Work task ::
Leaving out the images, reproduce every line of the data that follows exactly.
──────────
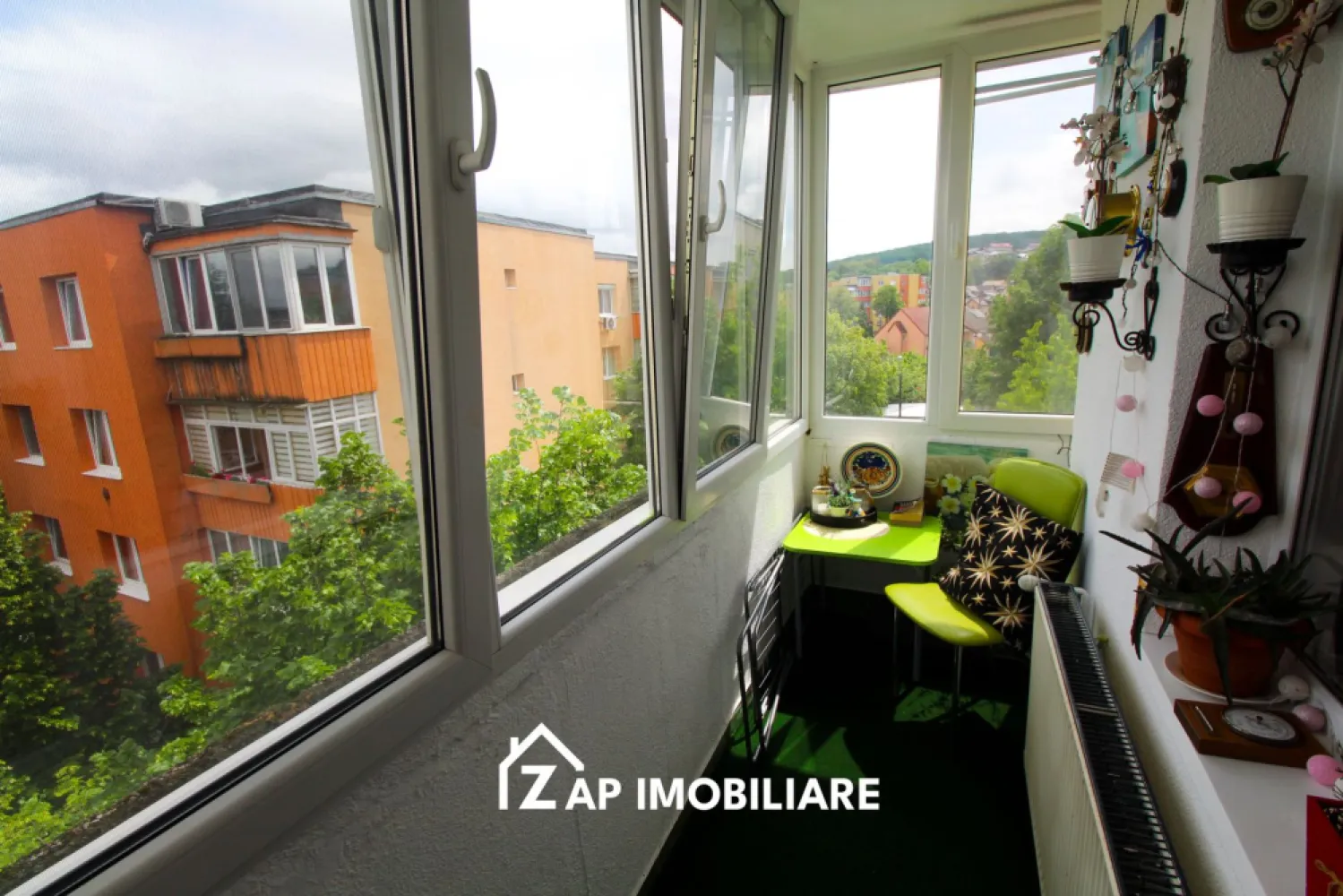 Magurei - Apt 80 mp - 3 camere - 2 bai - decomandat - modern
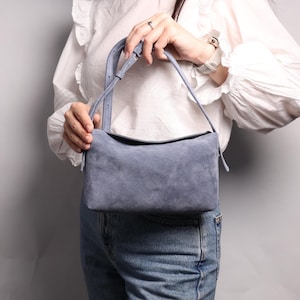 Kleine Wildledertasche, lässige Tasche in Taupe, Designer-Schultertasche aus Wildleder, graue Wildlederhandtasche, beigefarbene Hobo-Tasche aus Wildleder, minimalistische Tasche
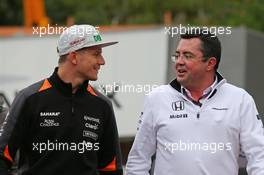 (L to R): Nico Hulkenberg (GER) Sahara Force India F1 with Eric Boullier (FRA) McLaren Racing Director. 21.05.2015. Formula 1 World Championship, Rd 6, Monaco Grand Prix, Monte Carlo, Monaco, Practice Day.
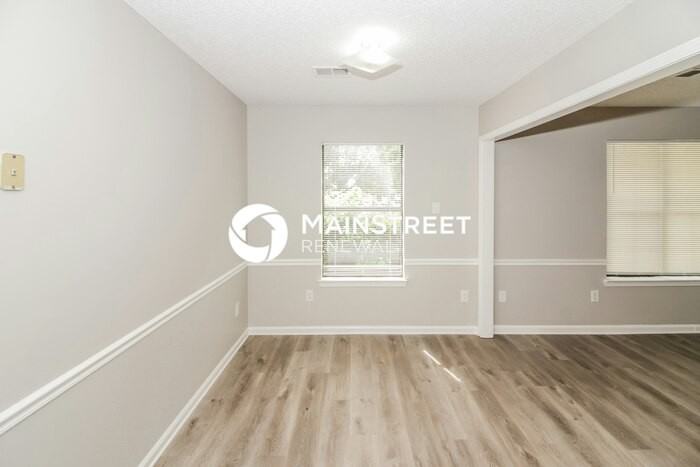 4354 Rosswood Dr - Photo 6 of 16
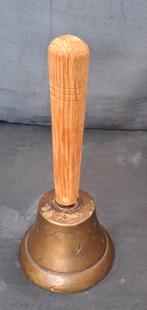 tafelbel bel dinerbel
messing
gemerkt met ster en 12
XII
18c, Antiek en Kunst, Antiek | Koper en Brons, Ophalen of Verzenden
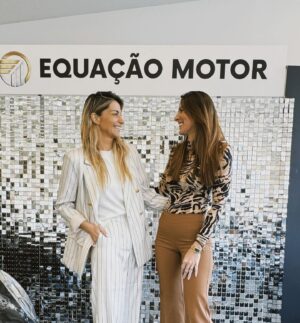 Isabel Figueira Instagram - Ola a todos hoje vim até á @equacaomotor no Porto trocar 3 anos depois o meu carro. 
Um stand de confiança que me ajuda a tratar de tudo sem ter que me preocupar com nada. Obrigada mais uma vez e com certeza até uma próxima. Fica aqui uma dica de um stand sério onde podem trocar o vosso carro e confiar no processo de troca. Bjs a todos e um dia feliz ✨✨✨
──────────
Response area ::
 Magurei - Apt 80 mp - 3 camere - 2 bai - decomandat - modern
 Kleine Wildledertasche, lässige Tasche in Taupe, Designer-Schultertasche aus Wildleder, graue Wildlederhandtasche, beigefarbene Hobo-Tasche aus Wildleder, minimalistische Tasche
 (L to R): Nico Hulkenberg (GER) Sahara Force India F1 with Eric Boullier (FRA) McLaren Racing Director. 21.05.2015. Formula 1 World Championship, Rd 6, Monaco Grand Prix, Monte Carlo, Monaco, Practice Day.
 4354 Rosswood Dr - Photo 6 of 16
 tafelbel bel dinerbel
messing
gemerkt met ster en 12
XII
18c, Antiek en Kunst, Antiek | Koper en Brons, Ophalen of Verzenden
 Isabel Figueira Instagram - Ola a todos hoje vim até á @equacaomotor no Porto trocar 3 anos depois o meu carro. 
Um stand de confiança que me ajuda a tratar de tudo sem ter que me preocupar com nada. Obrigada mais uma vez e com certeza até uma próxima. Fica aqui uma dica de um stand sério onde podem trocar o vosso carro e confiar no processo de troca. Bjs a todos e um dia feliz ✨✨✨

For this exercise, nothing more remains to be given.